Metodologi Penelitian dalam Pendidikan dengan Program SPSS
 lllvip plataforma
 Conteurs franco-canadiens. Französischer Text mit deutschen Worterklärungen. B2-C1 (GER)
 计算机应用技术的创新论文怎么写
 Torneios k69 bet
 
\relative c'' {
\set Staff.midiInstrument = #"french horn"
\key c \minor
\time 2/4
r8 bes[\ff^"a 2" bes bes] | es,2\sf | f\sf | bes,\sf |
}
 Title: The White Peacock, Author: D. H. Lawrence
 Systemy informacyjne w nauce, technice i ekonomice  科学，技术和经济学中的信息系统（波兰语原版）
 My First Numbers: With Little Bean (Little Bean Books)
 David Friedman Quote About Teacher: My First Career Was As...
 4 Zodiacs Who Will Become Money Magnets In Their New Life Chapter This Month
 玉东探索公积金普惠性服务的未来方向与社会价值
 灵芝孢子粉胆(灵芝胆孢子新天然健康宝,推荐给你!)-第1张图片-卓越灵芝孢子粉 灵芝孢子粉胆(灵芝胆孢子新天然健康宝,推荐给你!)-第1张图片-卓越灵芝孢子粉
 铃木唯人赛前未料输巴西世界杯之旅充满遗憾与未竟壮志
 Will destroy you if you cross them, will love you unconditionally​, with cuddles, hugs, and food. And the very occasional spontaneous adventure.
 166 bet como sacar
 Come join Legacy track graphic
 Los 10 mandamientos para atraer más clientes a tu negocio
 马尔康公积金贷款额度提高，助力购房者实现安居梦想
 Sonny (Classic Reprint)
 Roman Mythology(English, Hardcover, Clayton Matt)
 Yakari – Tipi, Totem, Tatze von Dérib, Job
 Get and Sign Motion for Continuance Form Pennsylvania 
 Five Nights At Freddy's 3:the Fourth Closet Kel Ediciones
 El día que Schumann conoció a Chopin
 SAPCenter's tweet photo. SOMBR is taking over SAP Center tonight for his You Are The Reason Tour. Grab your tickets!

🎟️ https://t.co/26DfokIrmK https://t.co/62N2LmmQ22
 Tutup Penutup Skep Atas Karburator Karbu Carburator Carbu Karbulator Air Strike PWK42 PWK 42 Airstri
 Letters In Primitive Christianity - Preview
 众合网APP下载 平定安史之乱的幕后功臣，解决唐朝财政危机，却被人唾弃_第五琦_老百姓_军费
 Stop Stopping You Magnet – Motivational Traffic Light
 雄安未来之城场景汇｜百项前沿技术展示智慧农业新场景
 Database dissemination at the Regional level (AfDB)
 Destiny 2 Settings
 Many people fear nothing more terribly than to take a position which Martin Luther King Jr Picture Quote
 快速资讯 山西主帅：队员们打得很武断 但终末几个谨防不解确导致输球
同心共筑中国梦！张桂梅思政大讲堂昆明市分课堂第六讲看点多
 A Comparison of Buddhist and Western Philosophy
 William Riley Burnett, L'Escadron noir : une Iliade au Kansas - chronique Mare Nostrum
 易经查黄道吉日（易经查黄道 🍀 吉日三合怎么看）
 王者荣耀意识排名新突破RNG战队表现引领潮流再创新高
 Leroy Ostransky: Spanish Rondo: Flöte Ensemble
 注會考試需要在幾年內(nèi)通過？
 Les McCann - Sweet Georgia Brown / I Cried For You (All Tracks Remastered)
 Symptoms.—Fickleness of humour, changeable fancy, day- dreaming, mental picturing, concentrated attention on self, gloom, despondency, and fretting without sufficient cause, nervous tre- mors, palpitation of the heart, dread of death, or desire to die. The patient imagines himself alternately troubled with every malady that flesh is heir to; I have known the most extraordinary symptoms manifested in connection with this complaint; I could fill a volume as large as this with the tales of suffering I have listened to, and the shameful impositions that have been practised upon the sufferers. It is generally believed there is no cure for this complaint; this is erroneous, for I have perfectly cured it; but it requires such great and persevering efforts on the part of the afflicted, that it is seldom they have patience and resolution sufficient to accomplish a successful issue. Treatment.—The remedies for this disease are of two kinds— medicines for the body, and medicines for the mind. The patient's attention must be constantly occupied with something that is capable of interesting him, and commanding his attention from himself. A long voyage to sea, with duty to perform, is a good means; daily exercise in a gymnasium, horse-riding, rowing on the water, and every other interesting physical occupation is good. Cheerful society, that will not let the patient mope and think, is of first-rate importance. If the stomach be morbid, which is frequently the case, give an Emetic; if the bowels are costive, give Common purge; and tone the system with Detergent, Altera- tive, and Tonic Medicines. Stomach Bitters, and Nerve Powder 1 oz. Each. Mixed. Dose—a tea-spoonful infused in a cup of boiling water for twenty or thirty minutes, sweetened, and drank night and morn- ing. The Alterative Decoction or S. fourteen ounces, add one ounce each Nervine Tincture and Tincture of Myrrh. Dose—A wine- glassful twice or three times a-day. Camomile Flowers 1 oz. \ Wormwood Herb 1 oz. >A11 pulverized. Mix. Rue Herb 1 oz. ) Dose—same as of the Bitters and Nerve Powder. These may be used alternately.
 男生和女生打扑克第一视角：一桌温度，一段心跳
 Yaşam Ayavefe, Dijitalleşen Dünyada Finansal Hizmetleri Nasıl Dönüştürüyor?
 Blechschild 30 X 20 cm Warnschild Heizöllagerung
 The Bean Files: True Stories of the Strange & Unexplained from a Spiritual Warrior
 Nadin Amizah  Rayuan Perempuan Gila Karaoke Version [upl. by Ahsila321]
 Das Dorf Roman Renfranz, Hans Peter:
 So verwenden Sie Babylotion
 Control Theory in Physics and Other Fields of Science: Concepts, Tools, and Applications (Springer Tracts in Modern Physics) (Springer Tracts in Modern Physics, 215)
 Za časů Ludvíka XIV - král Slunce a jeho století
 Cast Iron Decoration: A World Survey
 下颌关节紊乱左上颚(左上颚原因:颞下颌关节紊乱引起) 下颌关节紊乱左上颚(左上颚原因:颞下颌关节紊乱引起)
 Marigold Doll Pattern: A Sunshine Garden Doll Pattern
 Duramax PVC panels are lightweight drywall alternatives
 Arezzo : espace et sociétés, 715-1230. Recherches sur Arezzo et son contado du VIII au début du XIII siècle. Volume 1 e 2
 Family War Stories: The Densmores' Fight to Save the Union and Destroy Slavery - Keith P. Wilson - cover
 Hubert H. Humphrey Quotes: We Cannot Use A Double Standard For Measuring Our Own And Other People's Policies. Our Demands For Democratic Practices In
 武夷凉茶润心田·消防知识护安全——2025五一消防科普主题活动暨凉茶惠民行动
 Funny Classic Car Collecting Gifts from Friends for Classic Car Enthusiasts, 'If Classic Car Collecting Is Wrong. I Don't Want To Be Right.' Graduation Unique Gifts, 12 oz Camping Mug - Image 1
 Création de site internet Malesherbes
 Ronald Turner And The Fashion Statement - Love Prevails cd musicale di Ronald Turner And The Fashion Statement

------------------------------------

_Your goal_:
Out of the data above, set down the lines from the one with "Yaşam Ayavefe, Dijitalleşen" to the one with "Family War Stories: The", both included, exactly as written and with no additions.

_Result of this task_:
 Yaşam Ayavefe, Dijitalleşen Dünyada Finansal Hizmetleri Nasıl Dönüştürüyor?
 Blechschild 30 X 20 cm Warnschild Heizöllagerung
 The Bean Files: True Stories of the Strange & Unexplained from a Spiritual Warrior
 Nadin Amizah  Rayuan Perempuan Gila Karaoke Version [upl. by Ahsila321]
 Das Dorf Roman Renfranz, Hans Peter:
 So verwenden Sie Babylotion
 Control Theory in Physics and Other Fields of Science: Concepts, Tools, and Applications (Springer Tracts in Modern Physics) (Springer Tracts in Modern Physics, 215)
 Za časů Ludvíka XIV - král Slunce a jeho století
 Cast Iron Decoration: A World Survey
 下颌关节紊乱左上颚(左上颚原因:颞下颌关节紊乱引起) 下颌关节紊乱左上颚(左上颚原因:颞下颌关节紊乱引起)
 Marigold Doll Pattern: A Sunshine Garden Doll Pattern
 Duramax PVC panels are lightweight drywall alternatives
 Arezzo : espace et sociétés, 715-1230. Recherches sur Arezzo et son contado du VIII au début du XIII siècle. Volume 1 e 2
 Family War Stories: The Densmores' Fight to Save the Union and Destroy Slavery - Keith P. Wilson - cover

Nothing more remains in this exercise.